Market Sluggish, Volcano Might Help
The European Business Aviation Convention and Exhibition (EBACE) opened Tuesday in Geneva and manufacturers are trying to sound optimistic and realistic at the same time as they face the inevitable questions about their market. In a speech at EBACE, Cessna CEO Jack Pelton said the European market is showing signs of improvement and he's hoping emerging markets in Eastern Europe will be part of Cessna's future growth in the region as a whole. "Before the economic downturn, for example, Eastern Europe was a very strong region for us and we are beginning to see signs – including Citation sales – of that business coming back," he said. Pelton also said the recovery will be a long one, sentiments echoed by Hawker Beechcraft CEO Bill Boisture in an interview with The New York Times. "I think it's premature to call 2010 a recovery year," he said. "The market still feels the way it did at the end of 2009." Gulfstream CEO Joe Lombardo told a news conference the industry is maturing and globalization is an increasingly important factor. Meanwhile, the industry got an unexpected boost from the volcanic eruption that paralyzed much of Europe's aviation industry last month.

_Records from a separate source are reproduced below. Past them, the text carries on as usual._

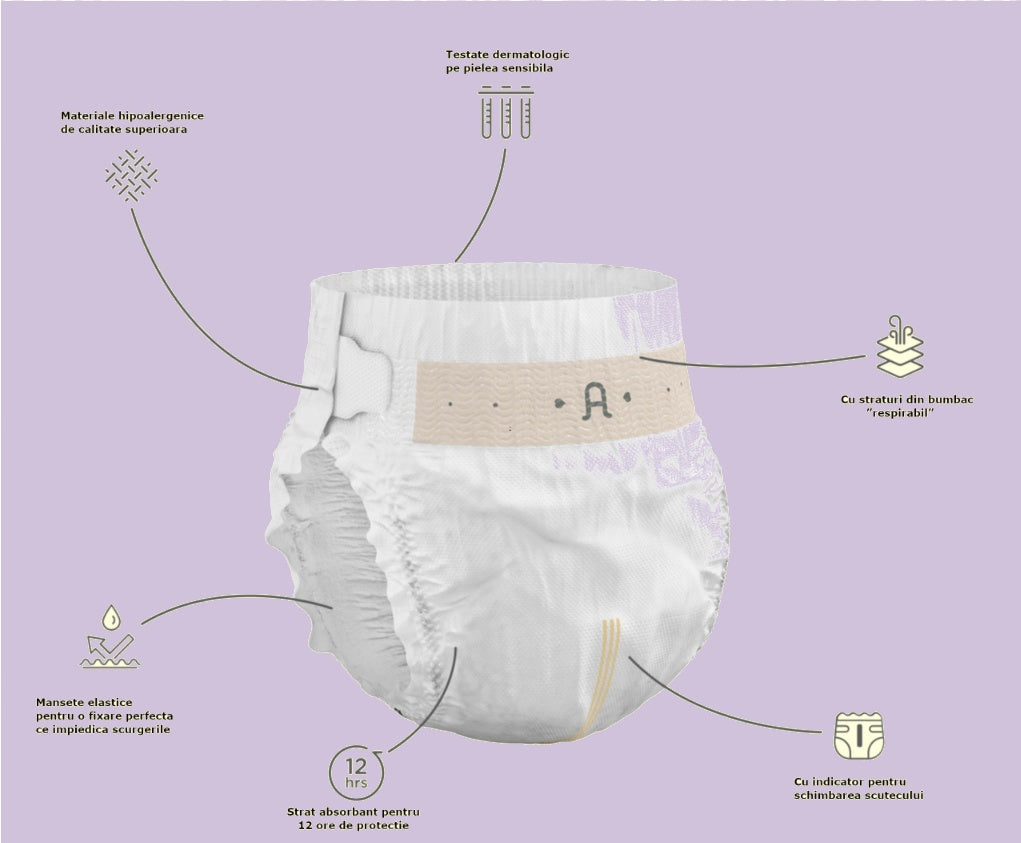 Scutece hipoalergenice Supreme Agnotis, marimea nr. 3, 6-10 kg, 44 bucati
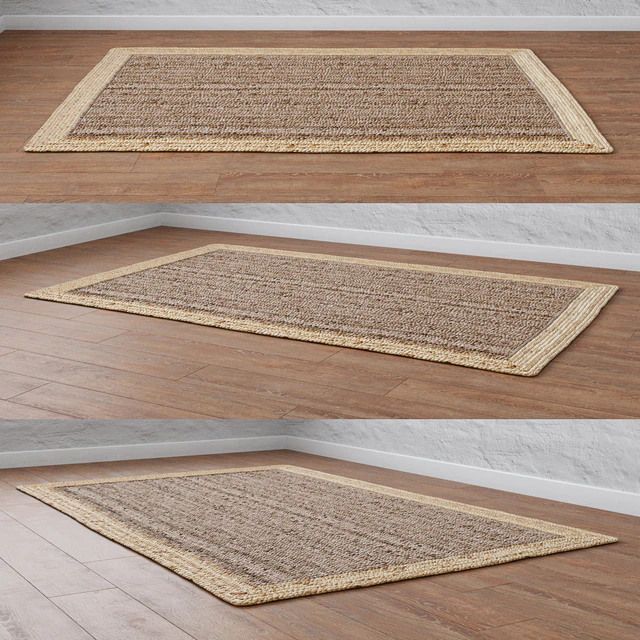 Natural Framed Braided Jute Rug — Скачать
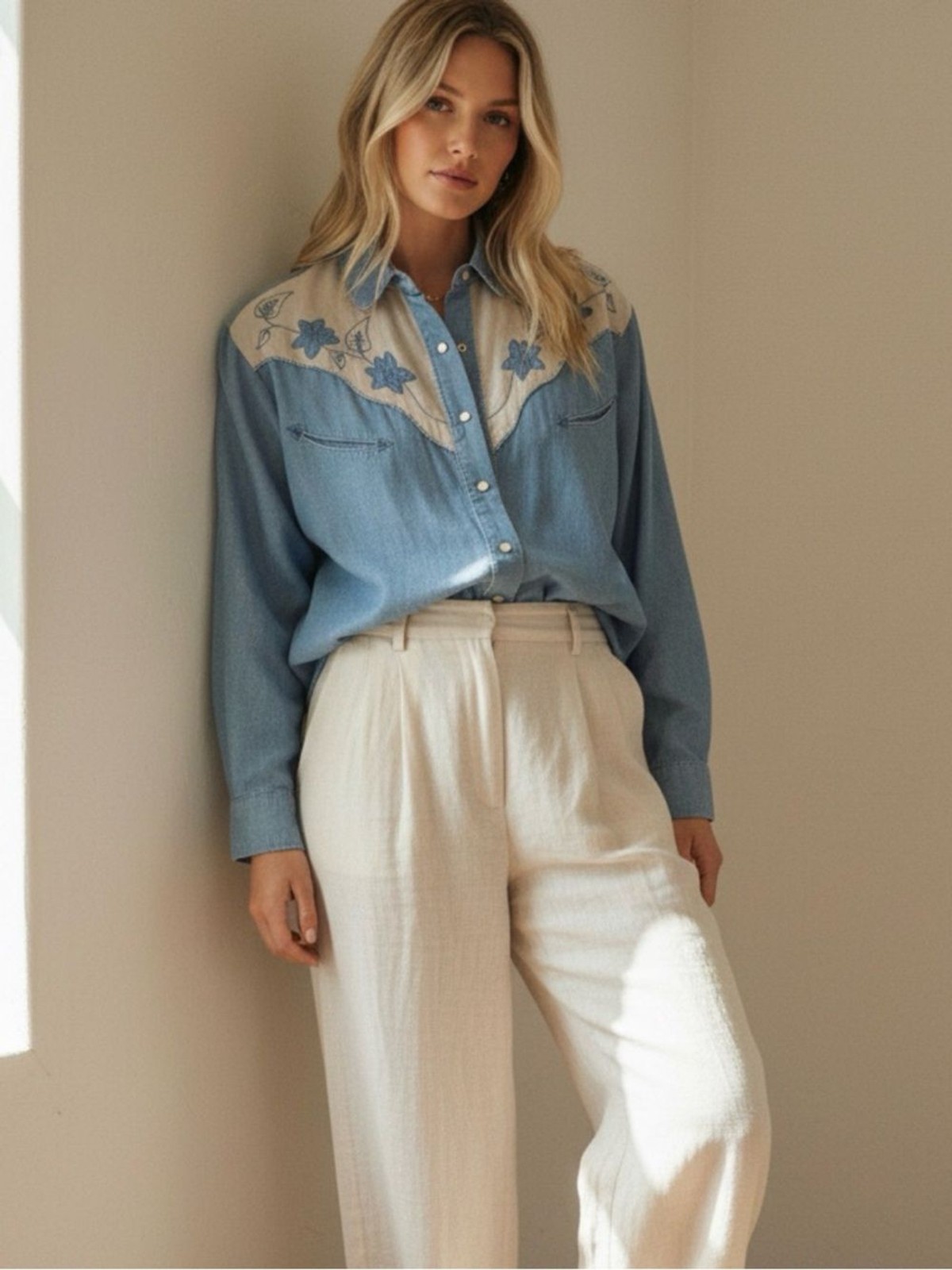 GUESS Georges Marciano 90s Chambray Western Pearl Button Shirt Embroidered Yoke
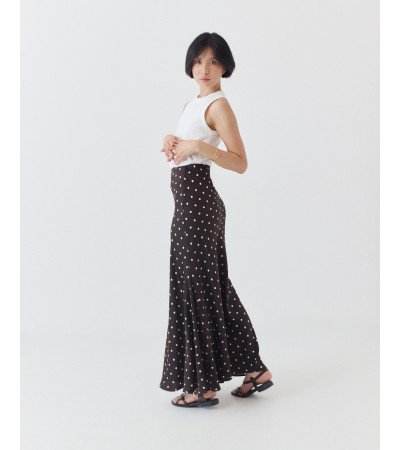 FALDA LARGA SATINADA DE PUNTOS CON VOLANTE | MULAYA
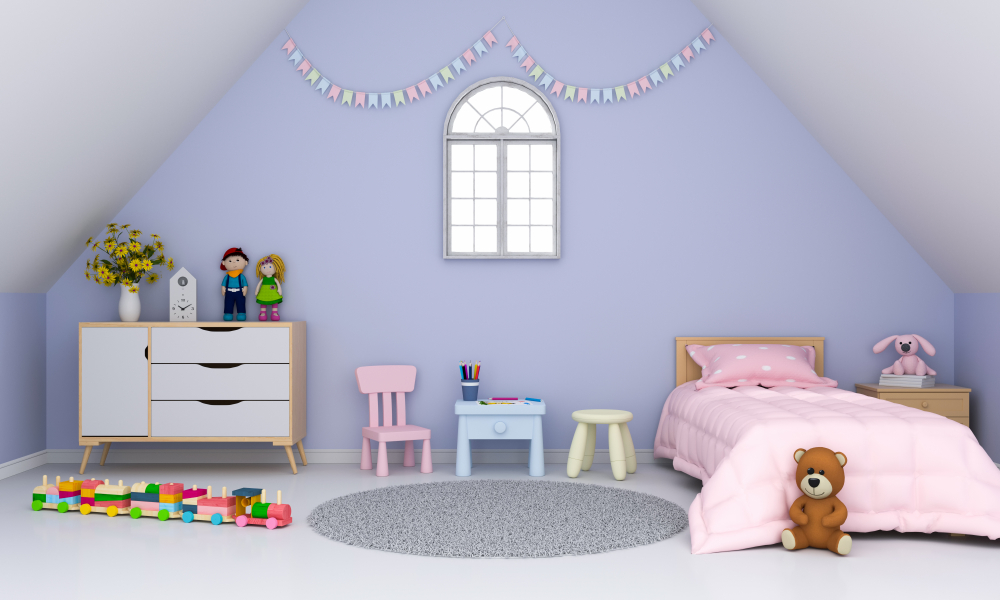 accent wall in kids bedroom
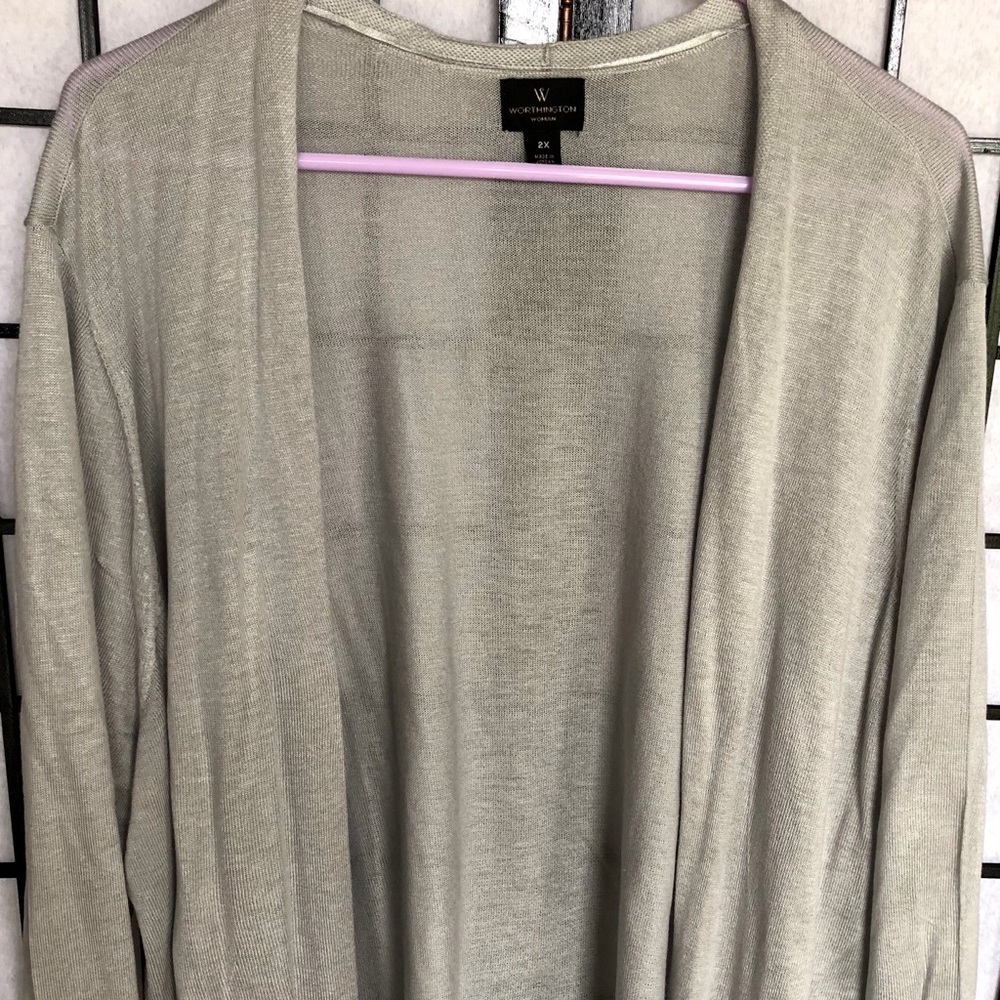 Silver Colored Worthington Light Cover Up Cardigan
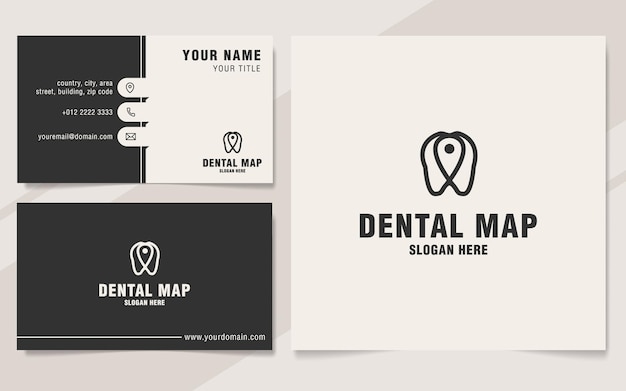 Plantilla de logotipo de mapa dental en estilo monograma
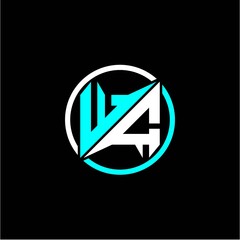 Modern minimalist design with the initials letter W C square and rings around it.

The airspace closures shut down airlines because there was no way to maintain their schedules even though it was safe to fly at least some of the time. Business aircraft operations were also affected but with some creative flight planning it was possible to get around Europe in a private aircraft. "The good news for us is that flexibility has value," David MacDonald of charter broker Air Partner told the Times. "In the wake of the volcanic ash situation, we have had requests for urgent travel from Spain to the United States and the Middle East to Southern France, as executives needed to get to meetings which could not be reached on scheduled airlines." The Teal Group's Richard Aboulafia said anything that highlights the advantages of business aviation will help an industry that has suffered from an image problem during the downturn. "Business aircraft have been hit harder by the economic crisis than any other aerospace market," Aboulafia said.